----- Given entries

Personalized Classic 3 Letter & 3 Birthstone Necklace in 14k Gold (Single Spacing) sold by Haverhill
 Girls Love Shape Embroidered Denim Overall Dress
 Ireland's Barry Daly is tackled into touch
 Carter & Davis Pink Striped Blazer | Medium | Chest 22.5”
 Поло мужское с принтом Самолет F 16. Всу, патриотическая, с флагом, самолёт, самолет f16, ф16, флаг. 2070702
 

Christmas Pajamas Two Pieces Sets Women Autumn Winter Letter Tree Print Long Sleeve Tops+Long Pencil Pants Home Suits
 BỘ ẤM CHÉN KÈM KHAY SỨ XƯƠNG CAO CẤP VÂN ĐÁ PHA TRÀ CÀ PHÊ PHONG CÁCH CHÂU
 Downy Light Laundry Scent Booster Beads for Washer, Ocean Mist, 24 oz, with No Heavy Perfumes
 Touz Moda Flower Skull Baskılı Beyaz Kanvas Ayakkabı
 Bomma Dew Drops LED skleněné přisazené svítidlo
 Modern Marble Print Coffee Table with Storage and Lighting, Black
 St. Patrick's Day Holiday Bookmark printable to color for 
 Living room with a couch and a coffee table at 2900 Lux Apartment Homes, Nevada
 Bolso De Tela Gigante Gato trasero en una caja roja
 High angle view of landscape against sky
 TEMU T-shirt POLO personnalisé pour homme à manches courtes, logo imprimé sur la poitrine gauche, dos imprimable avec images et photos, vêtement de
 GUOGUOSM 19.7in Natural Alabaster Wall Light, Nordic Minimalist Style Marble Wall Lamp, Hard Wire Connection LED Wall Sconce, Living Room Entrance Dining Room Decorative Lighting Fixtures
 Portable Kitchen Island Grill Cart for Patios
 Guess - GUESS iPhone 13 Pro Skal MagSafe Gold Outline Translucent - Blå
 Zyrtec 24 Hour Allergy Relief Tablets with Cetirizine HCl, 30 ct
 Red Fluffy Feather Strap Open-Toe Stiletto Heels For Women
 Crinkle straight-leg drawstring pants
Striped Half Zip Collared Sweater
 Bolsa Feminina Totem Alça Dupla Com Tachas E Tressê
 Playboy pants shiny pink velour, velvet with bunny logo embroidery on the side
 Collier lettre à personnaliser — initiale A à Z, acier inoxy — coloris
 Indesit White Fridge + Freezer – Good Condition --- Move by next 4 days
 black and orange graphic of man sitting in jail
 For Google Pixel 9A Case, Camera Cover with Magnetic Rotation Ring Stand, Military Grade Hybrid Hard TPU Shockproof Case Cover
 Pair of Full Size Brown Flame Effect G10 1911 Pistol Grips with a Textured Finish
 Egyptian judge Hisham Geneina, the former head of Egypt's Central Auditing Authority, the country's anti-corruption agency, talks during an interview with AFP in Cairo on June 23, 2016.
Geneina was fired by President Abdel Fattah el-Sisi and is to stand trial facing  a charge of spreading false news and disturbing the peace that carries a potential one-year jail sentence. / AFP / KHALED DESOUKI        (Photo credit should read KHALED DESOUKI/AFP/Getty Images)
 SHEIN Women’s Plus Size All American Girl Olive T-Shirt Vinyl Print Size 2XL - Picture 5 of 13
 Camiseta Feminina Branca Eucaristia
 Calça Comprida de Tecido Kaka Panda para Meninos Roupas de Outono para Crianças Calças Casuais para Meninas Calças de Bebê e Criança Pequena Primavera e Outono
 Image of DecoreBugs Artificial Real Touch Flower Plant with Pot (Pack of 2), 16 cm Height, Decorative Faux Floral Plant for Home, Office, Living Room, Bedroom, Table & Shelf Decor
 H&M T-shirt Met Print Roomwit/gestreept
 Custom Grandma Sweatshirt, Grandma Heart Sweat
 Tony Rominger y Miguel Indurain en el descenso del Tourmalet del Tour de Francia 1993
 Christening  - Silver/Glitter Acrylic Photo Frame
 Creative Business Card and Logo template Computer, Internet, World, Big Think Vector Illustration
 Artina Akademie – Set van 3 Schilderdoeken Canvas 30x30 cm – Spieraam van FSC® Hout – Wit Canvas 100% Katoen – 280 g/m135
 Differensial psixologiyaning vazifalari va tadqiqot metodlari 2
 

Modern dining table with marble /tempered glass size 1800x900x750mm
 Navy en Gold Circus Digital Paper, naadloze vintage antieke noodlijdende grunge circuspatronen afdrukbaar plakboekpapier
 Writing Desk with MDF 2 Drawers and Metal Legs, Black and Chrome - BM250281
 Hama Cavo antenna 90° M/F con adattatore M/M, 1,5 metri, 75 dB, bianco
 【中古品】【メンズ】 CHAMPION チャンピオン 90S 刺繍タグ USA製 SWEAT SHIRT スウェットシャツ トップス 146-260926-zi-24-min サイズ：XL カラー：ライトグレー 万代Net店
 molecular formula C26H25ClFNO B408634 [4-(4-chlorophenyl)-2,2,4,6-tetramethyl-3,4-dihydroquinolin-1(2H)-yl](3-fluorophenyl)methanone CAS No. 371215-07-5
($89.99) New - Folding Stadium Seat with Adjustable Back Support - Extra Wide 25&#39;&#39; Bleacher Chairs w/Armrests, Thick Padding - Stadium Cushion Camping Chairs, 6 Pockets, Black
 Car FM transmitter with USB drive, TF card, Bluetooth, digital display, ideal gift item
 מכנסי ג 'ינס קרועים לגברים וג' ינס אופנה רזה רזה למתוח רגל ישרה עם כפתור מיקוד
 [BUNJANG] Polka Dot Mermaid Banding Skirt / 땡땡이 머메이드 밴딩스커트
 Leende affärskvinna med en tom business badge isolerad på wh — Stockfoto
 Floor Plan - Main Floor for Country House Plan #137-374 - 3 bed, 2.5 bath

----------

→ Exercise goal: Return every line above exactly as it stands.

→ Response to the exercise:
Personalized Classic 3 Letter & 3 Birthstone Necklace in 14k Gold (Single Spacing) sold by Haverhill
 Girls Love Shape Embroidered Denim Overall Dress
 Ireland's Barry Daly is tackled into touch
 Carter & Davis Pink Striped Blazer | Medium | Chest 22.5”
 Поло мужское с принтом Самолет F 16. Всу, патриотическая, с флагом, самолёт, самолет f16, ф16, флаг. 2070702
 

Christmas Pajamas Two Pieces Sets Women Autumn Winter Letter Tree Print Long Sleeve Tops+Long Pencil Pants Home Suits
 BỘ ẤM CHÉN KÈM KHAY SỨ XƯƠNG CAO CẤP VÂN ĐÁ PHA TRÀ CÀ PHÊ PHONG CÁCH CHÂU
 Downy Light Laundry Scent Booster Beads for Washer, Ocean Mist, 24 oz, with No Heavy Perfumes
 Touz Moda Flower Skull Baskılı Beyaz Kanvas Ayakkabı
 Bomma Dew Drops LED skleněné přisazené svítidlo
 Modern Marble Print Coffee Table with Storage and Lighting, Black
 St. Patrick's Day Holiday Bookmark printable to color for 
 Living room with a couch and a coffee table at 2900 Lux Apartment Homes, Nevada
 Bolso De Tela Gigante Gato trasero en una caja roja
 High angle view of landscape against sky
 TEMU T-shirt POLO personnalisé pour homme à manches courtes, logo imprimé sur la poitrine gauche, dos imprimable avec images et photos, vêtement de
 GUOGUOSM 19.7in Natural Alabaster Wall Light, Nordic Minimalist Style Marble Wall Lamp, Hard Wire Connection LED Wall Sconce, Living Room Entrance Dining Room Decorative Lighting Fixtures
 Portable Kitchen Island Grill Cart for Patios
 Guess - GUESS iPhone 13 Pro Skal MagSafe Gold Outline Translucent - Blå
 Zyrtec 24 Hour Allergy Relief Tablets with Cetirizine HCl, 30 ct
 Red Fluffy Feather Strap Open-Toe Stiletto Heels For Women
 Crinkle straight-leg drawstring pants
Striped Half Zip Collared Sweater
 Bolsa Feminina Totem Alça Dupla Com Tachas E Tressê
 Playboy pants shiny pink velour, velvet with bunny logo embroidery on the side
 Collier lettre à personnaliser — initiale A à Z, acier inoxy — coloris
 Indesit White Fridge + Freezer – Good Condition --- Move by next 4 days
 black and orange graphic of man sitting in jail
 For Google Pixel 9A Case, Camera Cover with Magnetic Rotation Ring Stand, Military Grade Hybrid Hard TPU Shockproof Case Cover
 Pair of Full Size Brown Flame Effect G10 1911 Pistol Grips with a Textured Finish
 Egyptian judge Hisham Geneina, the former head of Egypt's Central Auditing Authority, the country's anti-corruption agency, talks during an interview with AFP in Cairo on June 23, 2016.
Geneina was fired by President Abdel Fattah el-Sisi and is to stand trial facing  a charge of spreading false news and disturbing the peace that carries a potential one-year jail sentence. / AFP / KHALED DESOUKI        (Photo credit should read KHALED DESOUKI/AFP/Getty Images)
 SHEIN Women’s Plus Size All American Girl Olive T-Shirt Vinyl Print Size 2XL - Picture 5 of 13
 Camiseta Feminina Branca Eucaristia
 Calça Comprida de Tecido Kaka Panda para Meninos Roupas de Outono para Crianças Calças Casuais para Meninas Calças de Bebê e Criança Pequena Primavera e Outono
 Image of DecoreBugs Artificial Real Touch Flower Plant with Pot (Pack of 2), 16 cm Height, Decorative Faux Floral Plant for Home, Office, Living Room, Bedroom, Table & Shelf Decor
 H&M T-shirt Met Print Roomwit/gestreept
 Custom Grandma Sweatshirt, Grandma Heart Sweat
 Tony Rominger y Miguel Indurain en el descenso del Tourmalet del Tour de Francia 1993
 Christening  - Silver/Glitter Acrylic Photo Frame
 Creative Business Card and Logo template Computer, Internet, World, Big Think Vector Illustration
 Artina Akademie – Set van 3 Schilderdoeken Canvas 30x30 cm – Spieraam van FSC® Hout – Wit Canvas 100% Katoen – 280 g/m135
 Differensial psixologiyaning vazifalari va tadqiqot metodlari 2
 

Modern dining table with marble /tempered glass size 1800x900x750mm
 Navy en Gold Circus Digital Paper, naadloze vintage antieke noodlijdende grunge circuspatronen afdrukbaar plakboekpapier
 Writing Desk with MDF 2 Drawers and Metal Legs, Black and Chrome - BM250281
 Hama Cavo antenna 90° M/F con adattatore M/M, 1,5 metri, 75 dB, bianco
 【中古品】【メンズ】 CHAMPION チャンピオン 90S 刺繍タグ USA製 SWEAT SHIRT スウェットシャツ トップス 146-260926-zi-24-min サイズ：XL カラー：ライトグレー 万代Net店
 molecular formula C26H25ClFNO B408634 [4-(4-chlorophenyl)-2,2,4,6-tetramethyl-3,4-dihydroquinolin-1(2H)-yl](3-fluorophenyl)methanone CAS No. 371215-07-5
($89.99) New - Folding Stadium Seat with Adjustable Back Support - Extra Wide 25&#39;&#39; Bleacher Chairs w/Armrests, Thick Padding - Stadium Cushion Camping Chairs, 6 Pockets, Black
 Car FM transmitter with USB drive, TF card, Bluetooth, digital display, ideal gift item
 מכנסי ג 'ינס קרועים לגברים וג' ינס אופנה רזה רזה למתוח רגל ישרה עם כפתור מיקוד
 [BUNJANG] Polka Dot Mermaid Banding Skirt / 땡땡이 머메이드 밴딩스커트
 Leende affärskvinna med en tom business badge isolerad på wh — Stockfoto
 Floor Plan - Main Floor for Country House Plan #137-374 - 3 bed, 2.5 bath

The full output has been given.